Em uma noite de 2022, as Forças Armadas da Ucrânia tentavam explodir com drones submarinos a frota naval russa baseada em Sebastopol, na Crimeia. Para guiá-los ao alvo, usavam a Starlink, subsidiária de internet da SpaceX, companhia de exploração espacial de Elon Musk.

Desde o início da guerra, Musk fornecia infraestrutura de rede para salvaguardar a comunicação ucraniana, burlando a sabotagem do invasor.

Ao saber da ofensiva, ele tomou uma decisão estratégica militar: mandou desativar os satélites, inviabilizando o ataque. Temia que a explosão levasse a uma escalada do conflito. Provavelmente, estava certo. Mas quem é Elon Musk para decidir?

O bilionário Elon Musk, dono da Tesla, num carro da montadora em Pequim, na China - Tingshu Wang - 31.mai.2023/Reuters

"Quem é Elon Musk" é a pergunta sobre a qual se debruça o novo livro do biógrafo Walter Isaacson, cujo lançamento global será nesta terça-feira, dia 12.

Desfila pelas mais de 600 páginas um anarcocapitalista hipercompetitivo, pai fisicamente presente e emocionalmente ausente de dez filhos —entre eles, uma transexual comunista que renega o sobrenome—, um homem workaholic, messiânico e desconhecedor da empatia.

Nas palavras do autor, alguém que "desenvolveu uma aura que o faz parecer um alienígena, como se sua missão de chegar a Marte fosse um desejo de voltar para casa".

Ex-chefe da CNN e da revista Time, Isaacson é um jornalista e historiador com décadas de trânsito nas altas esferas de poder dos Estados Unidos, íntimo dos modos de pensar e agir dos Gates, Jobs, Musks e Kissingers.

Se a fluidez do texto e a apuração factual não deixam dúvidas quanto a seu talento de jornalista, o lado historiográfico é opaco.

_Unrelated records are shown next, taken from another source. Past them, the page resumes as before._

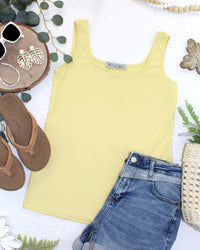 Rachel Ribbed Tank - Yellow-tank-Villari Chic, women's online fashion boutique in Severna, Maryland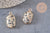 Pendentif hexagone jaspe dalmatien naturel 25mm, x1 (G1866)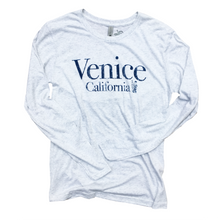 Load image into Gallery viewer, long sleeved white tee shirt with navy Venice California on front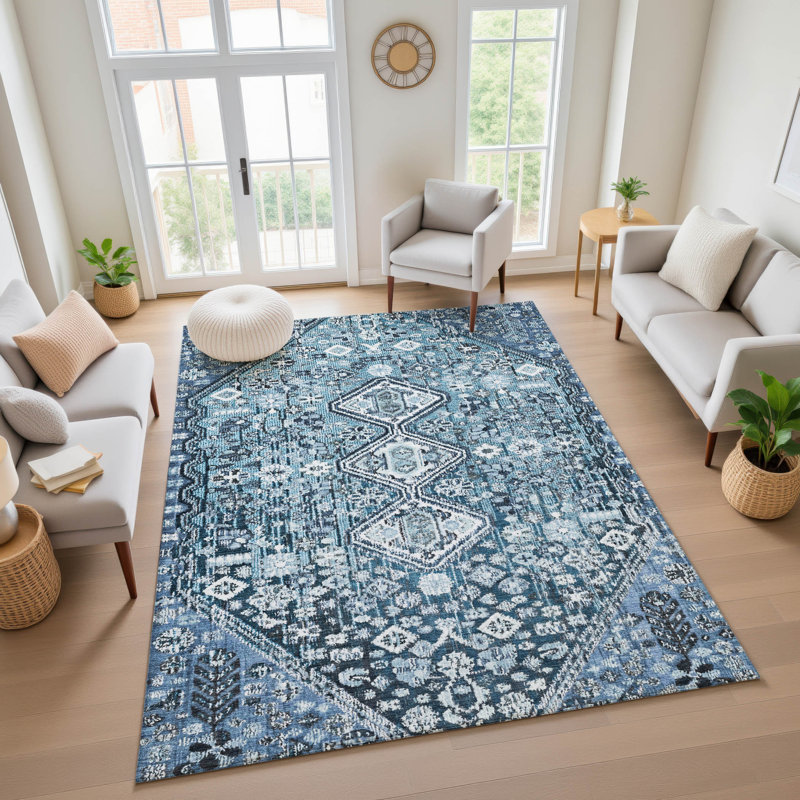 Tapis aztèque Mayfield AMF1834 lavable à la machine de qualité supérieure, Rectangulaire 8 pi x 10 pi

A infância de Musk como um menino branco na África do Sul dos anos 1970, por exemplo, passa ao largo do apartheid —o biografado parece nem ver negros. E ao longo de todo o livro, só três interagem com ele: Kanye West e Azealia Banks, retratados como insanos, e Barack Obama, um nome-instituição.

Vozes femininas também são tímidas. A maioria delas não passa de termômetro dos humores voláteis do bilionário. Mas, justiça seja feita ao autor: esse é o mundo de Musk.

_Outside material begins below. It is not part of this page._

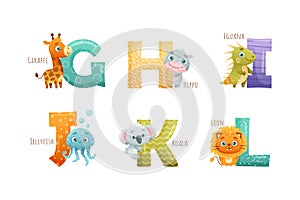 Animal Near Big Alphabet Letter with Name for Preschool Education Vector Set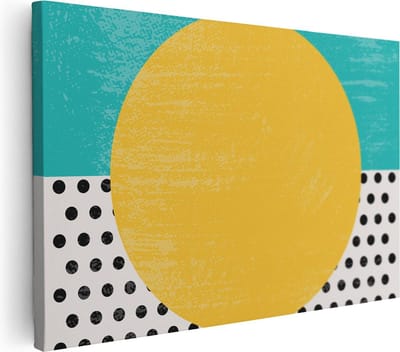 Artaza Canvas Schilderij Abstract - 120x80 cm - Groot - Wanddecoratie Geometrisch - Muurdecoratie Retro - Decoratie Stippen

Apesar dessa moldura estreita, desde o início da carreira, o empresário diz mirar o avanço da "humanidade". Segundo Lucas Hughes, um funcionário da SpaceX, "Elon se importa com a humanidade num sentido bem mais amplo". "Amplo" é eufemismo; talvez a palavra precisa seja "abstrato".

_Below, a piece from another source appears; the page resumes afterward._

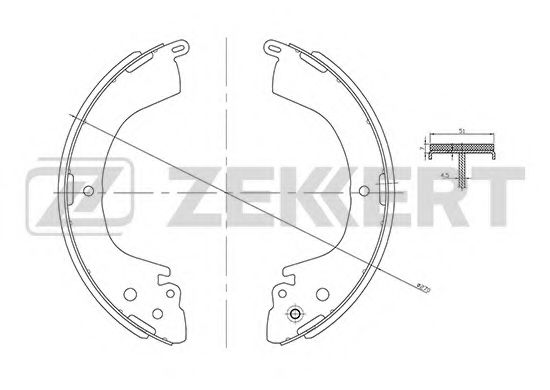 Тормозные колодки барабанные zekkert BK-4023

Engenheiro excepcional, Musk não tem um repertório filosófico à altura de sua ambição. Durante a juventude, leu existencialistas, mas diante do pessimismo de Nietzsche e Heidegger, contentou-se em extrair sua visão utópica do "Guia do Mochileiro das Galáxias", citado 11 vezes ao longo do texto.

Fisicamente, ele parece desterritorializado; flana pelas linhas de produção da Tesla, exigindo cortes de gastos diretamente aos operários. Não há paisagens, a geografia é morta. E a sociedade, thatcheriana, um conjunto de indivíduos reunidos por ambições apresentadas como grandes aspirações humanistas, mas que se encerram em uma competitividade pueril, cravejada de piadas fálicas.

Contradições operam no nível interpessoal, sempre com arroubos de violência verbal por parte do protagonista. Quando não, extrapolam para um embate entre o arrojado Musk ícone pop, de um lado, contra a empoeirada casta empresarial e a burocracia do Estado, do outro.

Como o primeiro sai do confronto com renovado ar de irresponsabilidade cool, constrói-se um anti-herói da vida privada, anverso necessário para o herói da esfera pública.

Traço maior desse "heroísmo" público é o ímpeto colonizador: a ambição de aterrar em Marte e fazer do homem um ser multiplanetário. A contrapartida é o fim da Terra, que ele mitiga com o esforço pela transição energética. Mas, como não há sociedade, ele é incapaz de pensar soluções coletivas e faz do carro de luxo o pivô da revolução.

Rápido e direto, o texto lembra uma narração esportiva, o que permite dar tom de thriller aos parâmetros técnicos de uma câmara de refrigeração de combustível, por exemplo; e facilita a absorção dos métodos de um empresário que, numa era de financeirização e desindustrialização, prospera produzindo. Se isso inspirar outros a valorizar o produto mais do que a evasão fiscal, já valeu a pena.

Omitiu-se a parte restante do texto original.